I was wondering if there’s a way to compute inverses in a multi-threaded fashion either within LinearAlgebra or via external dependencies. Right now, I would prefer using CPU rather than GPU.
I was also curious to know if there are caps in terms of the number of threads than LinearAlgebra can support. As highlighted in a different post, I have also noticed that running BLAS.set_num_threads(64) does not actually imply that 64 threads will be used or initialised (in my experiment the cluster set 32 threads and it used about 10% of the total CPU - comprising 64 cores).
using Random
using LinearAlgebra
using BenchmarkTools
Random.seed!(42)
A = rand(2000, 2000)
b = rand(2000)
BLAS.set_num_threads(1)
@btime $A \ $b
BLAS.set_num_threads(6)
@btime $A \ $b
BLAS.set_num_threads(1)
@btime inv($A)
BLAS.set_num_threads(6)
@btime inv($A)
shows speedup
133.715 ms (4 allocations: 30.55 MiB) # A \ b, 1 thread
43.437 ms (4 allocations: 30.55 MiB) # A \ b, 6 threads
420.827 ms (5 allocations: 31.51 MiB) # inv(A), 1 thread
173.065 ms (5 allocations: 31.51 MiB) # inv(A), 6 threads
Inverses aren’t excluded, because they’re based on BLAS/LAPACK (just as matmuls).
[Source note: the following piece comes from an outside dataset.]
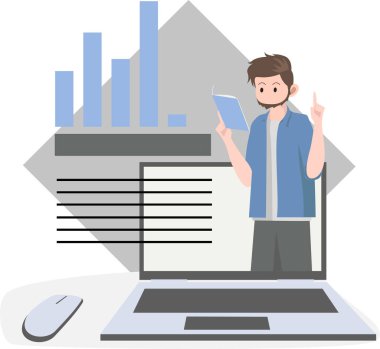 İnternette grafik raporu öğrenen bir adam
Yes, IIRC the max number of BLAS threads is set to 32 by Julia. This has changed in 1.8 where you can get, I believe, up to 512 BLAS threads. See BLAS performance testing for Julia 1.8
Don’t get me wrong, I also understand his concern and personally think that this is a footgun. I’m just answering the questions
(BTW, I think that defaulting to something else than 1 for ‘OPENBLAS_NUM_THREADS’ when running Julia in multithreaded mode is a footgun as well…)
Don’t know but I’d guess no. The thing is that patch releases are generally for fixing bugs. Question is whether we can (deliberately) label this as a bug and then fix it. But even if we would, it might not be easy to technically fix this in the LTS because it involves OpenBLAS(_jll.jl), i.e. an external dependency. Others are more qualified to speak to this. Perhaps filling an issue and at least discussing this would make sense.